For the purposes of reporting on the stated research hypotheses, we propose adopting the following definitions and terminology around the generation of reports against the data collected.

Raw Data

  • PHPMyAdmin can be used to verify counts of information as 'raw' and un-interpreted information

MySQL-Views

  • MySQL-views will be used to pool a common set of rules and filters so as to simplify the report generation in several different directions
  • MySQL-views currently consist of:
    • report_view_session - for reports that interpret data from a perspective of a session
    • report_view_term - for term-centric reporting
    • report_view_user - for user centric reporting

What is a Term?

  • For the purposes of the report_view_term MySQL-View
  • Do not include corrected or deleted terms. DO include blacklisted terms.
    • steve_term.corrected_id is null or steve_term corrected_id = -2
  • Do not include terms from steve team members (user not from steve team)
    • steve_user.group_membership is null or steve_user.group_membership not like 'steve team'
  • Eliminate TS4

When is a Term new?

  • A term is new when no match is found against any field of the museum_object metadata using FM or FTPFM
  • Matches against AAT, ULAN or Search Logs are not considered.

What is a "useful" term

  • A term that has been reviewed and marked "useful" by its reviewer

What constitutes a View?

  • Did someone see this work?
  • A view is a work that has either been tagged at least once plus every skip of the work.
  • Do not include TS4

What does num_users_exposed mean?

  • The number of users exposed to a work is the distict number of users who have tagged plus the distict number of users who have skipped ensuring that users are not repeated in these sets

What is a full match

  • Case insensitive trimmed full string -> Case insensitive trimmed full field match
  • " BlUE" == "blue" == " bluE "
  • " BluE" != "BluE Man Group "
  • " blue?" != " blue"
  • a entered string for a tag is atomic

What is a full word partial field match? (against Museum Docs, AAT?, ULAN?)

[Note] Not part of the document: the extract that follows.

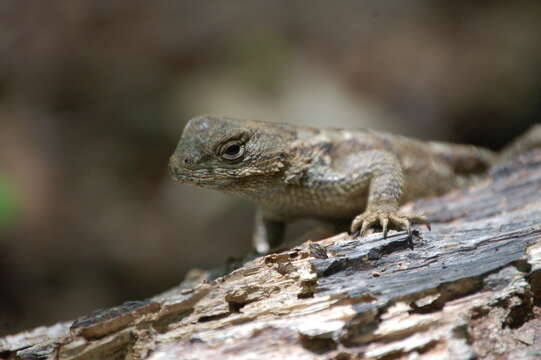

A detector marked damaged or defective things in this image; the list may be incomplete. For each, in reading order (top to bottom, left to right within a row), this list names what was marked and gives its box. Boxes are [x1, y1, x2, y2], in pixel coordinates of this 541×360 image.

splintered wood [3, 150, 540, 358]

  • A FWPFM exists when the case insensitive trimmed full string term matches against a case insensitive full word sub-string of a field in the matching resource.
  • i.e. the term "boat" partially matches the title "The Boat Builders".
  • "boat" != "boating"
  • "boat?" == "boat"
  • "boat" == "boat?"
  • a tag is atomic
  • no full match is a partial match (i.e. "a blue bell" and "a blue bell" are full matches not partial)
  • "blue bell" == "a blue bell rings"
  • "blue bell" != "blue bells of scotland"
  • "blue bell" != "The blue man group"
  • "sunny" matches the field "a sunny sunny day" once in this field.

Truncated String Matching

  • The character string from the tag exists the character string in the resource with right-side truncation when the inputted tag > 3 characters.
  • "painting" == "paintings"
  • "blue bell" == "blue bells of scotland"
  • "man" != "many"
  • "them" == "themselves"

What is a resource?

  • A set of terms we want to compare with tags
  • 4 resources (AAT, ULAN, Museum Docs, Search Logs)
  • Museum Documentation
    • Only includes what's in the steve_museum_object table
      • excluding institution_id, museum_object_id, *_id
    • matches to include FWM, FWPFM, TSM
    • counting a match once per field
  • AAT
    • match against the AAT term field in the term table?
    • need to report the entire term row
    • matches to include FWM, FWPFM, TSM
    • count a match only once
    • report every place at which a match was found in the resource.
    • Identify the AAT facet - We need to crawl up the tree of AAT from the matched term to a predefined facet id.
  • ULAN
    • exactly the same as AAT
    • ULAN match needs to deal with extended characters
  • Search Logs
    • Subset tags by institutions for which we have logs (SFMOMA, MIA, MMA)
    • Only match an institutions tags against its own search logs
    • matches to include FWM, FWPFM, TSM
    • don't need to weight search match counts
    • need to record the match as well as the frequency of searches from logs and frequency of the tag that matched
    • frequencies should be normalized by the total size of the search vocabulary (sum of all frequencies) and the total number of terms for the institution

When is review of a tag "complete"?

  • Term review is complete if any evaluation has been made (no skips)
  • A term review is not complete when there is no evaluation in the database for this term-work pair.

Who are the review users?

  • The official review users will have user_status = 2. Data in report_view_review will only contain reviews from these users.

What is a User?

  • For the purposes of the report_view_user MySQL-View
  • Users always exclude steve team members (user not from steve team)
    • steve_user.group_membership is null or steve_user.group_membership not like 'steve team'
  • Browser agents that are provably bots will be excluded from User reporting (record the bots that are excluded)
  • Anonymous users with their session's user_agent appearing in the steve_bot_user_agent table are excluded

What is a Session?

  • For the purposes of the report_view_session MySQL-View
  • session reporting is derived from the definition of a User (based on excluding bots, etc...)
  • For reporting concerning session statistics we need to include zero-tag sessions
  • For reporting concerning users and tags we only need to include sessions with length != 0

What is Session's Length?

  • session length is defined by the time of the last tag or skip minus the session start time
    • INCORRECT timestampdiff(SECOND, steve_session.session_start_dtm, max(steve_term.entered_dtm))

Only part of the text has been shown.